AMARILLO, Texas (KFDA) - Cyber attacks are becoming more prevalent in our area during the COVID-19 pandemic.
Chief Information Officer for the City of Amarillo Richard Gagnon says cyber criminals use global pandemics as a way to take advantage of a large number of people.
“With the COVID virus rolling out, unfortunately cyber criminals have no conscience," Gagnon said. "They don’t see this global pandemic as a crisis, they see it as a massive opportunity.”
Gagnon says many extremely important government agencies have already been hit with huge cyber attacks, and this encouraged this City of Amarillo to increase their cyber security
“There have already been attacks on the World Health Organization, massive cyber attacks on the Department of Health and Human Services. Hospitals and labs around the world are being hit with ransom ware, and have had their I.T. systems shut down, and we’re seeing it in government as well at the federal, state, and local level," Gagnon said.
In fact, Gagnon says in the last two weeks, the City of Amarillo has seen a huge increase in cyber attacks, and much of that is, because many city officials are more vulnerable as they continue working from home.
“In the last two weeks of March, we’ve had over 500,000. So it’s exponentially elevated, and then you partner that with the fact that just like everyone else, we are having to open up systems to remote access as we need remote workers," Gagnon said.
The City of Amarillo will now have access to a multi-factor authentication software which will allow City officials to login from home without worrying about being vulnerable on at-home networks.
“Most people are used to some form of multi-factor authentication," Gagnon said. "For example, when you log into your bank, before it lets you log in, it’ll send you a text with a code that you have to put in, and it’s a way of verifying that you are who you say you are. It prevents access to applications or systems with stolen credentials.”

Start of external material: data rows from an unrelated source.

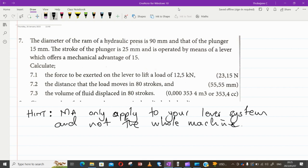The mechanical advantage applies only to the lever system and not the whole machine. That's it for now - go and try this question and let us see if you produce adequate answers for us to tackle in class. Cheers.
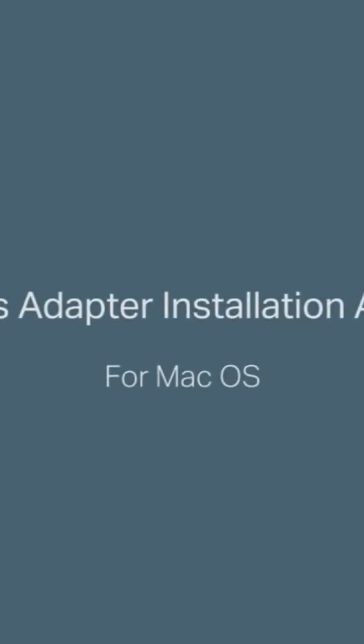Hey there valued customer! Welcome to the TP-Link Wireless Adapter installation and setup video for Mac OS.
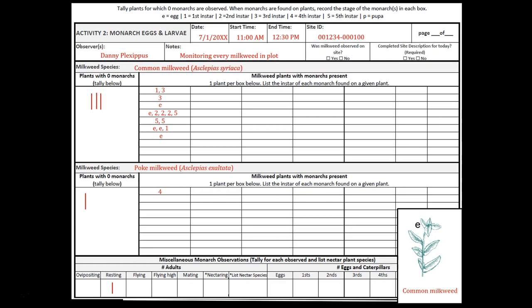Then we move on to our next plant and find another common milkweed with one egg, so in the upper section we write E for egg. That's the last one we found. We fill in our end time, then fill in the check boxes on the upper right: was milkweed observed on the site? Yes, it was — this option exists in case you intend to do Activity 2 but find no milkweed. Did we complete the site description for today? Yes — that's required every time to properly record any new management. Then we fill in the number of pages.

City officials aren’t the only ones at risk of cyber attacks.
Most residents working from home are also more vulnerable right now, and Software Engineer at CTG Tech Anthony Dehoyas says there are many basic things that residents can do to fight off cyber criminals
“Just the basics, you need to be making sure that you’re paying attention to where the emails are coming from," Dehoyas said. "You need to be paying attention to if they’re asking for credentials, knowing that nobody’s every going to ask for your credentials. No official organization is ever going to ask for your credentials, and then also paying attention to the links that are inside of those emails.”